## Task item
Nothing outside the range is wanted. Repeat exactly the lines below from the one with "Used 2015 Kia" through the one with "Ellesse MULTIZIO TEE - T-shirt Imprimé - Navy 10".

[Stored data — start]

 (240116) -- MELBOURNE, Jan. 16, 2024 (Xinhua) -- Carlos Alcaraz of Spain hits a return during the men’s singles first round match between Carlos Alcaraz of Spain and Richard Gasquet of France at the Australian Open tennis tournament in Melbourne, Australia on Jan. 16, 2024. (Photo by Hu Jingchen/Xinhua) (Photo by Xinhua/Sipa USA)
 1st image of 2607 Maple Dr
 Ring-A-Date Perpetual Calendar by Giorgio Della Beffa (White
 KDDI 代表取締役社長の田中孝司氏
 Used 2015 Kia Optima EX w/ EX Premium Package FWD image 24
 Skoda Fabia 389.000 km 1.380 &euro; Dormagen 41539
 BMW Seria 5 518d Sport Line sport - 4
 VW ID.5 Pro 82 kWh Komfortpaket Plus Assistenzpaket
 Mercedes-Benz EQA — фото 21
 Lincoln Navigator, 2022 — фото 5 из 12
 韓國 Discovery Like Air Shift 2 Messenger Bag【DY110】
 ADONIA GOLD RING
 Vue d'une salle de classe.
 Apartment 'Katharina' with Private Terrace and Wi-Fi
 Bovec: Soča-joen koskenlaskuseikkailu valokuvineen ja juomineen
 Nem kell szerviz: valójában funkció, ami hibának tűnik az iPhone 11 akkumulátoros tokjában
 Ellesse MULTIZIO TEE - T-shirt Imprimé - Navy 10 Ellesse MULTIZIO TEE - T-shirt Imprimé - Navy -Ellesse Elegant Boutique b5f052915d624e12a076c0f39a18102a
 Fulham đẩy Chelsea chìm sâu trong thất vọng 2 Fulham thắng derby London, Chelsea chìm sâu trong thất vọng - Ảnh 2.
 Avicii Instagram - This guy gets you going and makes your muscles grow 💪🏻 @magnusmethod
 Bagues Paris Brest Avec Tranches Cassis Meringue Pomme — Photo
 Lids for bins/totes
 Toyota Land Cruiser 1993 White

[Stored data — finish]

## Task solution
 Used 2015 Kia Optima EX w/ EX Premium Package FWD image 24
 Skoda Fabia 389.000 km 1.380 &euro; Dormagen 41539
 BMW Seria 5 518d Sport Line sport - 4
 VW ID.5 Pro 82 kWh Komfortpaket Plus Assistenzpaket
 Mercedes-Benz EQA — фото 21
 Lincoln Navigator, 2022 — фото 5 из 12
 韓國 Discovery Like Air Shift 2 Messenger Bag【DY110】
 ADONIA GOLD RING
 Vue d'une salle de classe.
 Apartment 'Katharina' with Private Terrace and Wi-Fi
 Bovec: Soča-joen koskenlaskuseikkailu valokuvineen ja juomineen
 Nem kell szerviz: valójában funkció, ami hibának tűnik az iPhone 11 akkumulátoros tokjában
 Ellesse MULTIZIO TEE - T-shirt Imprimé - Navy 10 Ellesse MULTIZIO TEE - T-shirt Imprimé - Navy -Ellesse Elegant Boutique b5f052915d624e12a076c0f39a18102a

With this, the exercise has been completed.